A few days ago, Google released its new Gemma model – DataGemma. While the world is experimenting with RAG to reduce hallucinations and increase accuracy, Google decided to use RIG (retrieval interleaved generation), a technique that integrates LLMs with Data Commons, an open-source database of public data.
Explaining what exactly RIG is, Andrey Gavrilenko, head of data science at PandaDoc, mentioned how Google has revealed new models to reduce hallucination and improve accuracy. “It integrates both RIG and RAG, but adds a new layer: pulling data from trusted sources like Data Commons,” he added, further suggesting how these models are using the database to pull accurate information.
Typically, when a user asks a question, the AI model begins answering based on its existing knowledge.
However, with RIG, if the AI model encounters a need for more current or specific data, it pauses to search for this information from reliable external sources like databases or websites. The model then seamlessly incorporates this newly acquired data into its response, alternating between generating content and retrieving information as needed.
This approach enables the AI to provide more up-to-date and accurate answers, especially for topics involving rapidly changing information such as current events or recent statistics.
Unlike RAG, which performs retrieval once before generating the answer, RIG can adapt in real time while generating responses. This allows the model to refine its output iteratively as it retrieves new information.
RAG vs RIG
RIG allows for multiple retrievals at various stages of response generation, addressing all aspects of a complex query. This dynamic approach enables the AI to recognise knowledge gaps as it generates a response and fetches data from external sources multiple times during the process.
By continuously retrieving and integrating information, RIG reduces the likelihood of inaccuracies in the final output. This is particularly beneficial for queries requiring up-to-date or specialised information.
However, compared to RAG, RIG can be slow in performance as it might take a stop at multiple points to trace the most recent information. Also, with RAG, the model can achieve higher factual accuracy when the LLM cites numbers from the retrieved tables.
Bensen Hsu, the founder of OpenRead mentioned that the key point of RIG is to reduce hallucinations which occur especially when responding to queries involving numerical and statistical data. He later pointed out that this is a significant issue as LLMs are becoming more widely used, and their outputs need to be accurate and trustworthy.
“The evaluation of the RIG approach shows that it can improve the factual accuracy of LLM outputs, with the 27B fine-tuned model performing better than the 7B fine-tuned model. The RAG approach also demonstrates promising results, with the long-context LLM making accurate statistical claims when provided with relevant data from Data Commons,” he added further.

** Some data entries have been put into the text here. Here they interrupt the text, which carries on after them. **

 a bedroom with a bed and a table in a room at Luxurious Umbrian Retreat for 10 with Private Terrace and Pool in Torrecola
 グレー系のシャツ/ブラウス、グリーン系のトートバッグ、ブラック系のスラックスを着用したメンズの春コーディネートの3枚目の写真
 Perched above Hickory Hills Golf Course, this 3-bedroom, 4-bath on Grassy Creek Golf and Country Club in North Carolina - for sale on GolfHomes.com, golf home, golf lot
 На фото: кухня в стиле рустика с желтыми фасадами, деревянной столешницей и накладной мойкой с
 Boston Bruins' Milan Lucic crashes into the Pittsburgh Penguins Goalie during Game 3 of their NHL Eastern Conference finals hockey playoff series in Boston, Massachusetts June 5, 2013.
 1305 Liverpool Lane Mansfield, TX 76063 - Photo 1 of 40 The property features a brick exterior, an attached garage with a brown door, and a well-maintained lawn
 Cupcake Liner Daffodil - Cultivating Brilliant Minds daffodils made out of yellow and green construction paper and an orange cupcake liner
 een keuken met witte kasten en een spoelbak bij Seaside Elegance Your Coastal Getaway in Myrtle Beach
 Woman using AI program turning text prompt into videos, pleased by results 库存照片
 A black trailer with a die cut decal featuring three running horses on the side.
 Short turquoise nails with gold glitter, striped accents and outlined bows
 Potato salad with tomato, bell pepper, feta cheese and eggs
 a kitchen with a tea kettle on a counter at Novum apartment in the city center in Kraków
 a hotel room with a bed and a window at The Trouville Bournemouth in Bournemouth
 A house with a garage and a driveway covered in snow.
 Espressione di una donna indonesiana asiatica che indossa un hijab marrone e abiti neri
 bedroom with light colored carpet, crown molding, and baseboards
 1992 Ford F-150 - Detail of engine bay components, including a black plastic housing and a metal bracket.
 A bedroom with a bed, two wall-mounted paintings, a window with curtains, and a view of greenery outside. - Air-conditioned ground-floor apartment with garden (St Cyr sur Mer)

Importance of Data Commons
The DataGemma-RIG-27B-IT model, in particular, uses Data Commons to dynamically fact-check and validate statistical information during response generation. This real-time retrieval and integration of data helps ensure high accuracy in the model’s outputs.
One of the most important concepts when talking about RIG is Data Commons, which is described as “a publicly available knowledge graph containing over 240 billion rich data points across hundreds of thousands of statistical variables”. This vast repository of data serves as the foundation for grounding AI responses in factual information.
The data in Data Commons comes from reputable organisations such as the United Nations (UN), the World Health Organisation (WHO), the Centers for Disease Control and Prevention (CDC), and the Census Bureau. This ensures that the information used is reliable and trustworthy.
Researchers tested how well RIG works by using 101 different types of questions. These questions covered many topics and styles, like asking about specific facts, comparing places, or requesting lists of information. They looked at four main things: how correct the facts were, how well the AI used the information from a database called Data Commons, how accurately it answered questions, and how much of the Data Commons information it used.
The results showed that RIG made a big difference. The researchers found that the RIG approach improved factuality from 5-17% to about 58%.
This big jump shows that RIG can help make AI language models much more reliable when it comes to providing accurate information. This means if researchers can tackle the response time of RIG, it can solve critical problems that we generally face including hallucinations and the quality of response.